Trotzdem muss man sich die Entstehung des sog. "Solti-Rings" erst mal durch den Kopf gehen lassen, um diese auch für die Klassik irre guten Zeiten zu begreifen - schließlich begeistern uns heute noch die Platten. Nur kurz: Während die Rolling Stones in den Startlöchern standen, um das ganze große Ding bei Decca zu werden, überzeugte ein anderer Musikverrückter (Culshaw) dieselbe Decca, mit hohem Risiko Millionen in vier romantische und dazu noch deutsche (!) Opern fürs - zunächst mal - angelsächsische Publikum zu investieren, das zum größten Teil noch nie eines dieser Werke gehört oder gesehen hatte und dann die Audiospur dieser Opern kaufen sollte, sich das Theater dazu eben vorzustellen oder einfach nur die Musik genießen. Es funktionierte, auch dank Decca-"Stereo", und der Rest ist wiederum ebenfalls Geschichte.

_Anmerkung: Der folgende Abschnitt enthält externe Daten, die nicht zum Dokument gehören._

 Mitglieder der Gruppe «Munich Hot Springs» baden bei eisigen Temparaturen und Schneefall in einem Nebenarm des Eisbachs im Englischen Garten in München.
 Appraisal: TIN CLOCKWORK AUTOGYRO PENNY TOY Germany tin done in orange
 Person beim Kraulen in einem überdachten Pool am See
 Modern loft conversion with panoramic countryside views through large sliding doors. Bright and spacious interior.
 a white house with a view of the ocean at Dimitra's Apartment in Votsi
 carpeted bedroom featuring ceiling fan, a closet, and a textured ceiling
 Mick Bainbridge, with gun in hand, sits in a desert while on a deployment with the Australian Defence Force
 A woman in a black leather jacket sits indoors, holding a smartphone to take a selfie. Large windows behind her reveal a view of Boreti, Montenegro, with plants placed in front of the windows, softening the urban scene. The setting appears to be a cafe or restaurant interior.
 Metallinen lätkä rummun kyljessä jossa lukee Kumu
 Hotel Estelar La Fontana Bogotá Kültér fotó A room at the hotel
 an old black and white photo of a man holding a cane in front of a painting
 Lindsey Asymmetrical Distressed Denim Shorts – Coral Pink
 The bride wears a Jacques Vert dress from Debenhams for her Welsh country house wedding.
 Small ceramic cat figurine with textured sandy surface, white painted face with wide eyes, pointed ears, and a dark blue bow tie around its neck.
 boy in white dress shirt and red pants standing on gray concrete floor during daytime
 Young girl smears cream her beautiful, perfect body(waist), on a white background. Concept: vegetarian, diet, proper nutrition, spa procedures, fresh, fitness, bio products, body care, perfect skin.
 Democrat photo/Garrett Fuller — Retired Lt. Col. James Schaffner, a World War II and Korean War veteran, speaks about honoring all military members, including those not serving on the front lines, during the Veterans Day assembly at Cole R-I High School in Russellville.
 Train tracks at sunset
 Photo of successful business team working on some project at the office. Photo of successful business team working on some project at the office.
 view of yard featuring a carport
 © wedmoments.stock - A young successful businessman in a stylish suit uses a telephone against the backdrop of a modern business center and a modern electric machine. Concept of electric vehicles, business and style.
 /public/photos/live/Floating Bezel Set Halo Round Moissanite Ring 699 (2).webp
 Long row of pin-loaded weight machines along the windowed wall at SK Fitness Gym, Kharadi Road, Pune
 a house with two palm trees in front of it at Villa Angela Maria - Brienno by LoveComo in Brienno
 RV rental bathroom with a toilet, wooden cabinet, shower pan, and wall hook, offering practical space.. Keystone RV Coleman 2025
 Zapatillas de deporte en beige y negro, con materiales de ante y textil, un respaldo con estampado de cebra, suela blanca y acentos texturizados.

Der sich abzeichnende Erfolg soll Karajan angetrieben haben, "seinen" (Salzburger) Ring endlich, von 1967 bis 1970, abseits der Bühne ebenfalls als reine Audio-Studioproduktion für die Schallplatte in der Berliner Jesus-Christus-Kirche zu realisieren - übrigens die feinste, stellenweise kammermusikalische, Interpretation des Rings, die es gibt. Gleichzeitig dirigierte das zweite deutsche Schwergewicht, Karl Böhm, ab 1965 in kongenialer Zusammenarbeit mit Regisseur Wieland Wagner den Ring in Bayreuth, wovon dann (natürlich!) auch eine schöne große LP-Box mit der Gesamtaufnahme erschien. Man wollte sich in Deutschland Kompetenz und Einnahmen des einträglichen Wagner-Konserven-Geschäftes (ist es etwa keines?) nicht wegnehmen lassen. Mit Karajan/Böhm hatte man sozusagen erfolgreich gegen die Briten zurückgeschlagen, aber trotzdem seit Solti eine musikalische Referenz im Nacken, an der jede neue Ring-Interpreation und -Aufnahme bis heute gemessen wird.
Tipp: wer sich den Hörmarathon mal antun will - die deutschen Pressungen der Decca, hellblaues Label oder DMM, sind preislich meist recht günstig, die originalen englischen Pressungen mit fettem "ffss"-Sound relativ teuer, klingen aber auch wesentlich besser. Ich hatte mir erst die deutsche Ausgabe zum Reinhören zugelegt und dann, weil mir's gefiel, die englische Box gekauft.